“I’ve been seeing all these reports on the news about H1N1 and that it can cause deaths and I have some concerns,” the caller said.
“Okay.” This conversation took place sometime in 2009. I already knew this wasn’t a death report. What I didn’t know was where this phone call was going.
Just in case you’re new to this blog series, I used to work as a death investigator. In a morgue. I spent my days assisting pathologists by conducting scene investigations, gathering medical records/police reports, and taking medical-history interviews from family members and friends. All of this was done to help the pathologist determine cause and manner of death.
“I was wondering if I could make an appointment because I think I might have H1N1.”
“If you have concerns about your health then you should make an appointment to see your doctor.”
“I don’t have a doctor.”
“Okay. There’s always the urgent care clinic or the emergency room.”
“I was told your office conducted services for free.”
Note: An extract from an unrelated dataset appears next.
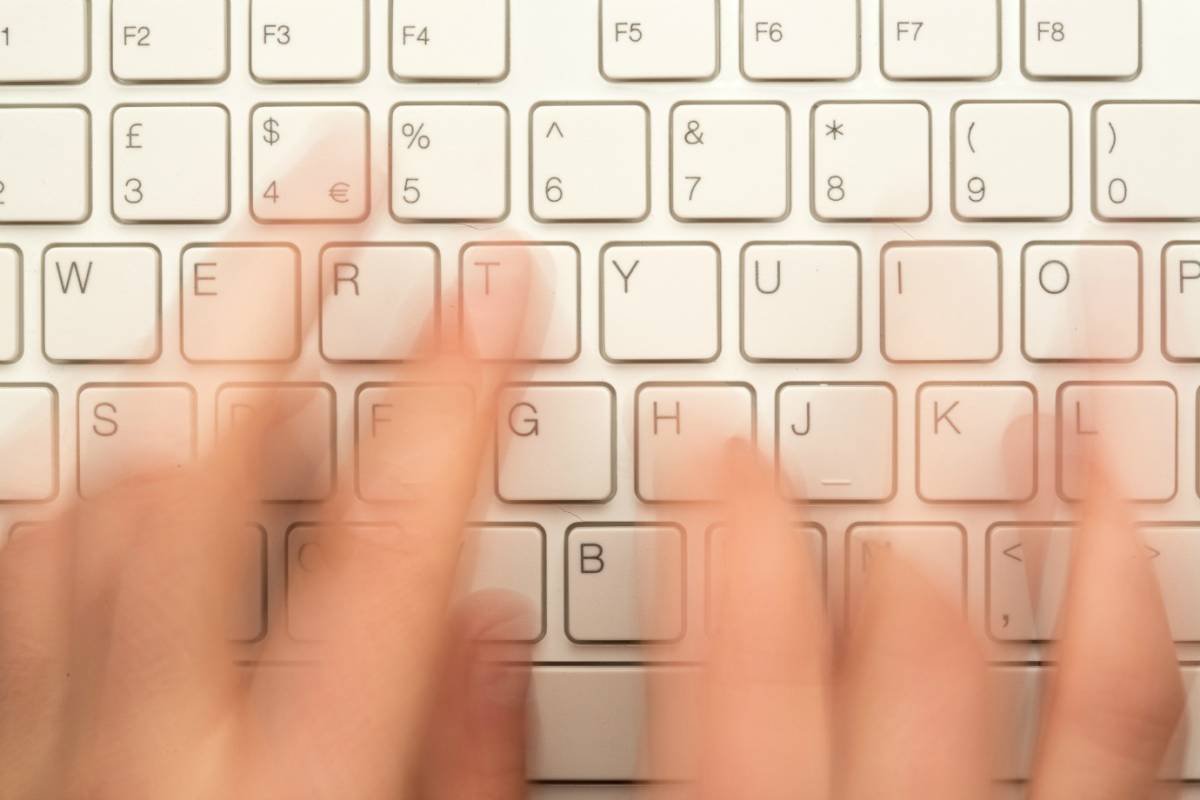 esses dois sites vão te ensinar a digitar mais rápido no teclado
“What do you mean sort of?”
I struggled, trying to find the words to explain to this guy what exactly we did which was weird for me because I explained the role of the medical examiner’s office to people all the time. And yet, here I was trying to figure out how to tell this guy – tactfully – that we only offered free services for people who died under a specific set of circumstances.
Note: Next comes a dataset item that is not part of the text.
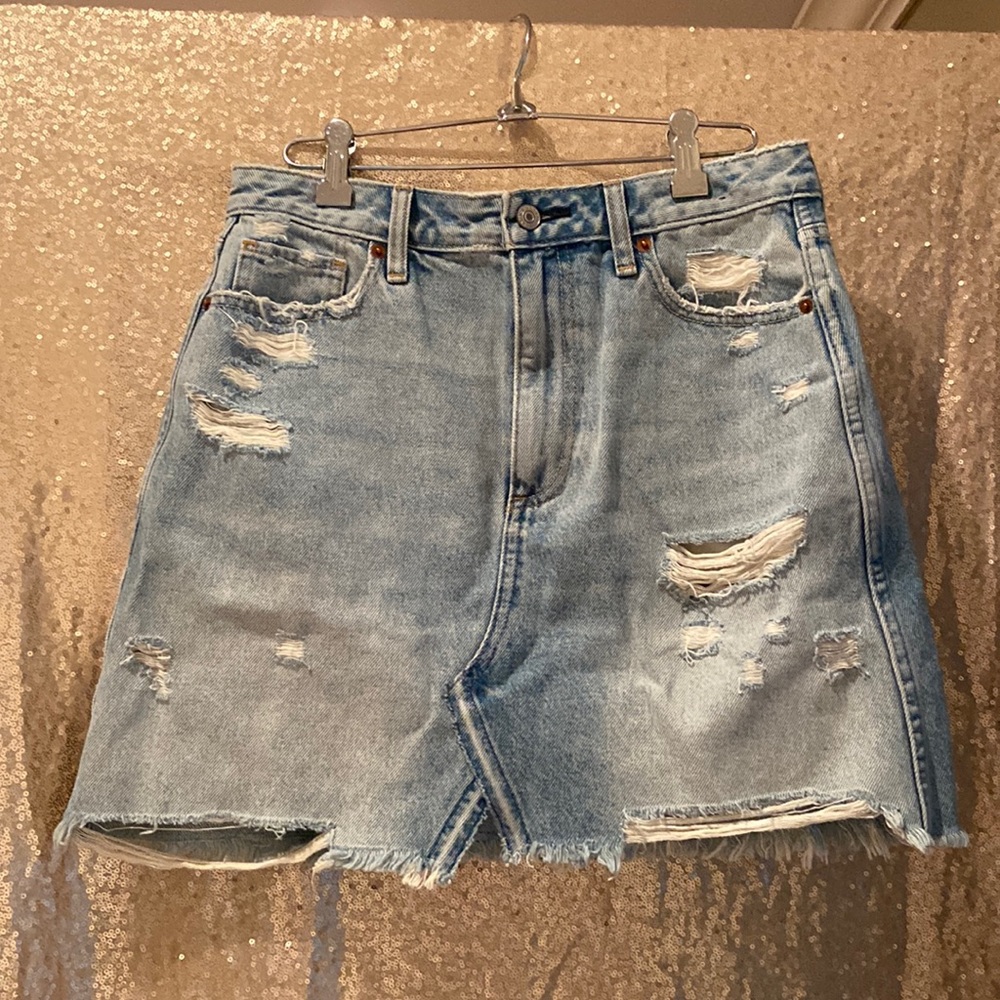Abercrombie & Fitch Denim Skirt Size: 28/US 6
“This is the medical examiner’s office. The purpose of this office is to conduct forensic examinations on people who have died so we can determine their cause and manner of death. The doctors who work at this office are forensic pathologists. They’re not licensed to provide medical treatment to individuals who are….Who aren’t deceased.”
“So, they’re not that kind of doctor?” he asked.
“So how do I find out if I have H1N1?”
“As I mentioned before, if you’re feeling ill you should see a doctor at an urgent care clinic or emergency room. The county healthy department probably has someone there who can answer questions about H1N1. I can get you their phone number.”
“That’s alright. Thanks for your time.”
I don’t know if this existed in 2009 but I did a quick Internet search and found The National Association of Free & Charitable Clinics. Only a handful of states have these clinics but if you know someone who needs medical treatment and doesn’t have insurance, please have them visit this website.